Mind Your World
- Sri Sri Ravi Shankar
Let us contemplate on the difference between Atma (the soul or the self) and the mind. The soul is unchanging, but the mind keeps on changing from time to time. This is why our mind has been linked to the moon (referring to the different phases of the waxing and waning moon). It is said, ‘chandrama manaso-jayate‘ (From the Purusha Sukta in Rig Veda; meaning: From His Cosmic Mind was born the Moon). There is a deep connection between the moon and the mind. Just as the moon waxes and wanes over the days, in the same way, our mind also experiences ups and downs. Sometimes it expands, sometimes it contracts. Sometimes it is happy without any reason, and sometimes it is miserable without any reason. This is why people through the ages have said, ‘One who conquers the mind conquers the entire World’. The mind alone is the reason behind bondage and liberation.

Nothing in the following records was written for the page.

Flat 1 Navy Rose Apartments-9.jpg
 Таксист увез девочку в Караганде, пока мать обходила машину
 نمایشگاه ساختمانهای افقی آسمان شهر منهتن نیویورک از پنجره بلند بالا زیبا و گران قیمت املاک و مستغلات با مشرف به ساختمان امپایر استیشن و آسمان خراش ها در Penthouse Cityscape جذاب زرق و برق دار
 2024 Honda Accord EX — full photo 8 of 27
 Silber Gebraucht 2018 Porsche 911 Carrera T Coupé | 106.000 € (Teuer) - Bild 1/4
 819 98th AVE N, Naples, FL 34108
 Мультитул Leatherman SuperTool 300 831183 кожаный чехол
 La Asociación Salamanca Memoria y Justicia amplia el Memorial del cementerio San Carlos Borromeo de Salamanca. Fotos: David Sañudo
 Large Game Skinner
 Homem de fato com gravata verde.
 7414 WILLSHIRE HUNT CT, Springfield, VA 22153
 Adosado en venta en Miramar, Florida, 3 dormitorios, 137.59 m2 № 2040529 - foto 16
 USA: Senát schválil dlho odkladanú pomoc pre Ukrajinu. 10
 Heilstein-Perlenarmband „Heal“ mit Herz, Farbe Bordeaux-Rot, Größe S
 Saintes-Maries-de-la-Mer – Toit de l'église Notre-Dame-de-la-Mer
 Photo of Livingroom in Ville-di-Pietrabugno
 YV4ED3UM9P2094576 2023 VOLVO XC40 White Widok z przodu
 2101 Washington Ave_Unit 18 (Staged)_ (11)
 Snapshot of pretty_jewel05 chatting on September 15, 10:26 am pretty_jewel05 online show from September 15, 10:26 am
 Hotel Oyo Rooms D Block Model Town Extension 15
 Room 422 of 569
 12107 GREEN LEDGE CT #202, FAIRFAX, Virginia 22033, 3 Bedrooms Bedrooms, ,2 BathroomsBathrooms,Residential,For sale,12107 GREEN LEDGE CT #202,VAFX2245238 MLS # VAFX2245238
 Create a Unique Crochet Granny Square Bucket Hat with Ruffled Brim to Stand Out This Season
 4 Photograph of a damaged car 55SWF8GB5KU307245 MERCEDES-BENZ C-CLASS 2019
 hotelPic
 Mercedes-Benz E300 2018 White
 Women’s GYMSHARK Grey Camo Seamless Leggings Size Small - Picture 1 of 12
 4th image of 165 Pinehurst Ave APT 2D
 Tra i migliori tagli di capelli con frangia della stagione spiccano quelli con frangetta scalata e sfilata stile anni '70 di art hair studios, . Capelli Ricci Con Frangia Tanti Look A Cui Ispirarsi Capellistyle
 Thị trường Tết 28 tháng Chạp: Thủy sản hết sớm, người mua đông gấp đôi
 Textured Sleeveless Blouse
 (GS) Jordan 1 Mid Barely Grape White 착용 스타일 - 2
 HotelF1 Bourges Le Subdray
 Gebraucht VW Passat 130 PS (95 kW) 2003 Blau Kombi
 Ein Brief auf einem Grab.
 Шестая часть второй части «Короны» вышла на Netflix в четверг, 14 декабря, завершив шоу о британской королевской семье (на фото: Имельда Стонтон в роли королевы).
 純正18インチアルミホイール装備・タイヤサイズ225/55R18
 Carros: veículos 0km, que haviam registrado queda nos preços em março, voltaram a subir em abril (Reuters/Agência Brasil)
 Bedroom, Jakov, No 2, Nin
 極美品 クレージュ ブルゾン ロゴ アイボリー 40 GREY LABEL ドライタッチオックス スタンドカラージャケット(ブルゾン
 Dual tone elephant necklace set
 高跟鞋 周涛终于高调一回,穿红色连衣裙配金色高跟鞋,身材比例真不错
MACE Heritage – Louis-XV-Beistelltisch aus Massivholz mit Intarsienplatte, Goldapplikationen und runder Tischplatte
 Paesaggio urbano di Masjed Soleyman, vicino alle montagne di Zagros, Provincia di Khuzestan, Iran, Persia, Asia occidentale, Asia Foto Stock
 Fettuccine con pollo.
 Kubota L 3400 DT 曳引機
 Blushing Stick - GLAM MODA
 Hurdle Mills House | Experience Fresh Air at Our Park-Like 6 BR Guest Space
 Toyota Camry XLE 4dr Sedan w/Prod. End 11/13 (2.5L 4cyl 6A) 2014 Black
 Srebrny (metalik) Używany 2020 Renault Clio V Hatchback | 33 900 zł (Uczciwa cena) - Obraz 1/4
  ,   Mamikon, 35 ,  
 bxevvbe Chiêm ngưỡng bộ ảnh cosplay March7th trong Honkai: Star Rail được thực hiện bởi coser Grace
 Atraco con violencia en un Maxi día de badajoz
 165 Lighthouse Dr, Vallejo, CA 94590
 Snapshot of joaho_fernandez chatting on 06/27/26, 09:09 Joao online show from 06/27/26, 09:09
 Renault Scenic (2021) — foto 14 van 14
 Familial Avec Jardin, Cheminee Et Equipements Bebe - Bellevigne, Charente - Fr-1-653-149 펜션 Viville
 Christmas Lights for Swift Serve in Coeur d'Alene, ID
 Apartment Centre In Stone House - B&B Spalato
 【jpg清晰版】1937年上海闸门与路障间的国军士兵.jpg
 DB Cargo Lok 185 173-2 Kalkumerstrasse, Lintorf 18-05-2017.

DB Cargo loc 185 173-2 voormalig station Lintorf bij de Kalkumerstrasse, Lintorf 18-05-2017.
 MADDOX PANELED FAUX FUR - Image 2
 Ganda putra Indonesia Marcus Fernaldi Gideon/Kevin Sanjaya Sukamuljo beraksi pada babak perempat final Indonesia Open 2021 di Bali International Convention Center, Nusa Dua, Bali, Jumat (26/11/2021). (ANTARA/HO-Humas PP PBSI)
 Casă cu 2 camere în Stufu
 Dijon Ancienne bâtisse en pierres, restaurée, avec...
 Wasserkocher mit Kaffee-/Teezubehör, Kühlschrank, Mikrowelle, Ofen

Whether we experience some bondage or attachment, or whether we feel free, the reason for this is the mind. So we have to train the mind again and again. This is the essence of knowledge. As we go on practicing this regularly, we gradually attain the siddhi (extraordinary ability) to tame the mind – just as a person, after repeatedly going through problems in life gradually gains the ability to smile through them. Then a stage comes where he does not feel any misery in spite of a problem.
As we go through the experiences of life (whether pleasant or unpleasant), a stage comes when this realization dawns within us that ‘Everything is nothing’. That is when we begin to get established in the Self. To be established in the Self means that regardless of the person, object or situation that comes before us, we do not lose our smile and equanimity even for a moment. Even if we do lose it, it is momentary and we instantly gain it back. Then we are strongly and firmly established in the Self. Then it is said that one has become a Siddha (a perfected one), that one has truly become established in the Self.